> **ASSIGNMENT**
Your task is to repeat the entries exactly from their first line through the line with "Moore’s Law at", and to stop there.

---

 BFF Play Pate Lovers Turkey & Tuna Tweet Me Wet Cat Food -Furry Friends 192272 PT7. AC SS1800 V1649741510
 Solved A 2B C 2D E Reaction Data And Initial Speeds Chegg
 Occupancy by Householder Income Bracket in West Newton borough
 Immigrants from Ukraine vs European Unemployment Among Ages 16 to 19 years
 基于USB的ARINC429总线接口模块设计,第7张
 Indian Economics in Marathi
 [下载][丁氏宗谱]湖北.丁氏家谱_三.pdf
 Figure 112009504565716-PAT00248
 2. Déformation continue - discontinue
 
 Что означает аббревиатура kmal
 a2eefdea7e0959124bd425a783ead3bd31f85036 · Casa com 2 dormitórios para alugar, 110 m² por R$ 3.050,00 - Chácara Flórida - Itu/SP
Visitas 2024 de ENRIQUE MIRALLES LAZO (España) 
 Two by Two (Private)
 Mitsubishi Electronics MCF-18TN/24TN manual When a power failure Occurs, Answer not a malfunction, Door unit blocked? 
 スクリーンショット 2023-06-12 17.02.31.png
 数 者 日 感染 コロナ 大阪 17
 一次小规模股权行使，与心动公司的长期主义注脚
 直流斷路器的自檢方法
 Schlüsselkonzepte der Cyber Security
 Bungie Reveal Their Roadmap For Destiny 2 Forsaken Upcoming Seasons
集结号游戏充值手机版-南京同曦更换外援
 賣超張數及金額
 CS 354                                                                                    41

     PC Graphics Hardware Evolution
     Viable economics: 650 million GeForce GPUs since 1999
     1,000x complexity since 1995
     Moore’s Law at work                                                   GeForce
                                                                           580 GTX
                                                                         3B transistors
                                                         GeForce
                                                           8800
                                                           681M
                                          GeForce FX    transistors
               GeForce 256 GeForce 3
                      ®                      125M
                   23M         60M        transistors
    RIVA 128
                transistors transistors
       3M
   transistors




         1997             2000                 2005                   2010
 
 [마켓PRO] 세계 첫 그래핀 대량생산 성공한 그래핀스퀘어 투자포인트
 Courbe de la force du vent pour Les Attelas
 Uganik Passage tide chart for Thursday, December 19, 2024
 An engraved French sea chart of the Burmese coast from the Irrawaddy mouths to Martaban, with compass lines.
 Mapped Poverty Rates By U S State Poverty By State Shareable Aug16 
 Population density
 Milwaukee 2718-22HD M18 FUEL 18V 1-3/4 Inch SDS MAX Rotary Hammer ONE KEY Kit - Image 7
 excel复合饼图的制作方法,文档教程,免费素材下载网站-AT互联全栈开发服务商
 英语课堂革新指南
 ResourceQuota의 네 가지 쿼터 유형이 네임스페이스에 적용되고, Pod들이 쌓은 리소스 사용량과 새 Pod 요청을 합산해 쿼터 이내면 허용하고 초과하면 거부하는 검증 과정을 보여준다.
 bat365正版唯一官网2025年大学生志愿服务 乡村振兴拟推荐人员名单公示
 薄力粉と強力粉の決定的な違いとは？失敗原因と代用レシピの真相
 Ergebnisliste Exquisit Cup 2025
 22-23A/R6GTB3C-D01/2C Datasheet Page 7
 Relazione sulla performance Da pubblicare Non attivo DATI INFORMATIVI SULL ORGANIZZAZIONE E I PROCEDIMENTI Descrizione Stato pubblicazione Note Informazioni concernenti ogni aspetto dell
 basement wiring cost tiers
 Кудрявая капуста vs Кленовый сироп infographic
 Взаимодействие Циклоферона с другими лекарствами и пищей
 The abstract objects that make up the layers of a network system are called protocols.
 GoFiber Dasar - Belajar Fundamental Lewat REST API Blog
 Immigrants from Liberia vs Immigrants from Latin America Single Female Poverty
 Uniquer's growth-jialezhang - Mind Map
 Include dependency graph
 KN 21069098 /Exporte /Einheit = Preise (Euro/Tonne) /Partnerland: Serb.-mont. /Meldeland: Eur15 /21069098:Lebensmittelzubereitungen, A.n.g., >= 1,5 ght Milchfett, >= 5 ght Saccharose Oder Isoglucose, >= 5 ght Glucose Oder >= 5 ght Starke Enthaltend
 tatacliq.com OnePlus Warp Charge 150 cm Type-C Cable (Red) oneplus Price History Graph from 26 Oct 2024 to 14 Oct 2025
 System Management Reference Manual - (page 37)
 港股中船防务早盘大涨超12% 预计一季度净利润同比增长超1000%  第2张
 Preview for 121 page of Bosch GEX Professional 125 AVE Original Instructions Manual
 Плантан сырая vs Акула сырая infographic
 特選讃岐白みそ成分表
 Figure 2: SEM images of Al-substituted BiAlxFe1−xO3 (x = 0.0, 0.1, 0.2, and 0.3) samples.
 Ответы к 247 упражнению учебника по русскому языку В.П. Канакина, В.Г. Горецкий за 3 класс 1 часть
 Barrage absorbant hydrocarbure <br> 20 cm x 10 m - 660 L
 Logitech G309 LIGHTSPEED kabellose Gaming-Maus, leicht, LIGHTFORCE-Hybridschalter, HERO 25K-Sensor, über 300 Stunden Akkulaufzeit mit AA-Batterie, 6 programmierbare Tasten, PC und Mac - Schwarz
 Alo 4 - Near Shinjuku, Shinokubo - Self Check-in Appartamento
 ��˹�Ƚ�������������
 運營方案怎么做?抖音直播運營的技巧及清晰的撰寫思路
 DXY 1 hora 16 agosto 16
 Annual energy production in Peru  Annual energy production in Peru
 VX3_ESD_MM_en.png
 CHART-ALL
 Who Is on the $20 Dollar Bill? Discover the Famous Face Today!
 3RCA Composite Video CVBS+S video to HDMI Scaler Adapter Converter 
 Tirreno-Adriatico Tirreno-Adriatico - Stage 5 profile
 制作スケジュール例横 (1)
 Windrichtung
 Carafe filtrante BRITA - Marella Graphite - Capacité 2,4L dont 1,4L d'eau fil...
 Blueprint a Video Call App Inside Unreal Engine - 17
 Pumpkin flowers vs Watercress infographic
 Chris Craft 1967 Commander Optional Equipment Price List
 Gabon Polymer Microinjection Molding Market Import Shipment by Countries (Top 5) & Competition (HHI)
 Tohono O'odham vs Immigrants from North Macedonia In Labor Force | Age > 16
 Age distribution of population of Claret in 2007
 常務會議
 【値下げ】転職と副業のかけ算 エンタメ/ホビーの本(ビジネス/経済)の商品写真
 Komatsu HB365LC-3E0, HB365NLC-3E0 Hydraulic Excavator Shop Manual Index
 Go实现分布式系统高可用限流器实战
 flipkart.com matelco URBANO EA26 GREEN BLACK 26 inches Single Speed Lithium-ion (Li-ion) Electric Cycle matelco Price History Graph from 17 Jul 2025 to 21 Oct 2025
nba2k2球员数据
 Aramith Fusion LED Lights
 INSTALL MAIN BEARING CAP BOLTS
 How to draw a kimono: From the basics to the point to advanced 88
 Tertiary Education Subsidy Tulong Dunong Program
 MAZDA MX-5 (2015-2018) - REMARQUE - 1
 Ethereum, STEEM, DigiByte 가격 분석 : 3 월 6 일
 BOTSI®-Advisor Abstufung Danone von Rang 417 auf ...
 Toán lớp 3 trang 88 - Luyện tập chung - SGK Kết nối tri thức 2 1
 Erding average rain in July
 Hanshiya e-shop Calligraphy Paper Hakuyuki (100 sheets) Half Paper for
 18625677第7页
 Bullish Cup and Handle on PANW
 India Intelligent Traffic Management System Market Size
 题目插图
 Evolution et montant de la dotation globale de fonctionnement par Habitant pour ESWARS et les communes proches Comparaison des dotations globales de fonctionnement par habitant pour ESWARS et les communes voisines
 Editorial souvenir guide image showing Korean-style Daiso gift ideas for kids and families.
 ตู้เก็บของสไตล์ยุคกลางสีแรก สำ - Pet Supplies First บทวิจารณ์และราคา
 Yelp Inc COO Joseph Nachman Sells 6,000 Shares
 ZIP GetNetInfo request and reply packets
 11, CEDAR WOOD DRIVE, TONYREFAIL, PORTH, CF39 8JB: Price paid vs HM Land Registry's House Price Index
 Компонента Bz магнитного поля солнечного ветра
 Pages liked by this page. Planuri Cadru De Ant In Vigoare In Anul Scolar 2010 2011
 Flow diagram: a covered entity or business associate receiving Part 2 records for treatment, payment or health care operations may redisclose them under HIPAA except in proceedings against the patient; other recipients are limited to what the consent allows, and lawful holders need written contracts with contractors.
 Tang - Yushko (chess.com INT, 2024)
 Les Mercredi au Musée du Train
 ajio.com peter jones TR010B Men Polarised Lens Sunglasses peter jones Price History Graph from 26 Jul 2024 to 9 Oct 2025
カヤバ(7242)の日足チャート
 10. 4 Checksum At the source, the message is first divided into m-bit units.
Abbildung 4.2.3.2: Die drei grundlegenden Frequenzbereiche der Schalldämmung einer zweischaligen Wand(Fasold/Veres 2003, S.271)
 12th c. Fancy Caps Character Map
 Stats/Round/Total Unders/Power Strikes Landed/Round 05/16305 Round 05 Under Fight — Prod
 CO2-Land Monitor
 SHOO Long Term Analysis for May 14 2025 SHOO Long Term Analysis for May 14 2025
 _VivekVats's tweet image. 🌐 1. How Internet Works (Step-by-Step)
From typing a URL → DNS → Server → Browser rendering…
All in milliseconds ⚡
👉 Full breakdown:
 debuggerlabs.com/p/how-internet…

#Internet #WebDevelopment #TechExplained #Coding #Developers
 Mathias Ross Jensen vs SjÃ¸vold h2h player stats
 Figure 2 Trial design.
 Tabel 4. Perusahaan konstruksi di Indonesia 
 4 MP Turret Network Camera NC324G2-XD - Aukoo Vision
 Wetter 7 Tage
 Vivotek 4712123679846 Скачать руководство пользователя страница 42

---

> **SOLVED EXERCISE**
 BFF Play Pate Lovers Turkey & Tuna Tweet Me Wet Cat Food -Furry Friends 192272 PT7. AC SS1800 V1649741510
 Solved A 2B C 2D E Reaction Data And Initial Speeds Chegg
 Occupancy by Householder Income Bracket in West Newton borough
 Immigrants from Ukraine vs European Unemployment Among Ages 16 to 19 years
 基于USB的ARINC429总线接口模块设计,第7张
 Indian Economics in Marathi
 [下载][丁氏宗谱]湖北.丁氏家谱_三.pdf
 Figure 112009504565716-PAT00248
 2. Déformation continue - discontinue
 
 Что означает аббревиатура kmal
 a2eefdea7e0959124bd425a783ead3bd31f85036 · Casa com 2 dormitórios para alugar, 110 m² por R$ 3.050,00 - Chácara Flórida - Itu/SP
Visitas 2024 de ENRIQUE MIRALLES LAZO (España) 
 Two by Two (Private)
 Mitsubishi Electronics MCF-18TN/24TN manual When a power failure Occurs, Answer not a malfunction, Door unit blocked? 
 スクリーンショット 2023-06-12 17.02.31.png
 数 者 日 感染 コロナ 大阪 17
 一次小规模股权行使，与心动公司的长期主义注脚
 直流斷路器的自檢方法
 Schlüsselkonzepte der Cyber Security
 Bungie Reveal Their Roadmap For Destiny 2 Forsaken Upcoming Seasons
集结号游戏充值手机版-南京同曦更换外援
 賣超張數及金額
 CS 354                                                                                    41

     PC Graphics Hardware Evolution
     Viable economics: 650 million GeForce GPUs since 1999
     1,000x complexity since 1995
     Moore’s Law at work                                                   GeForce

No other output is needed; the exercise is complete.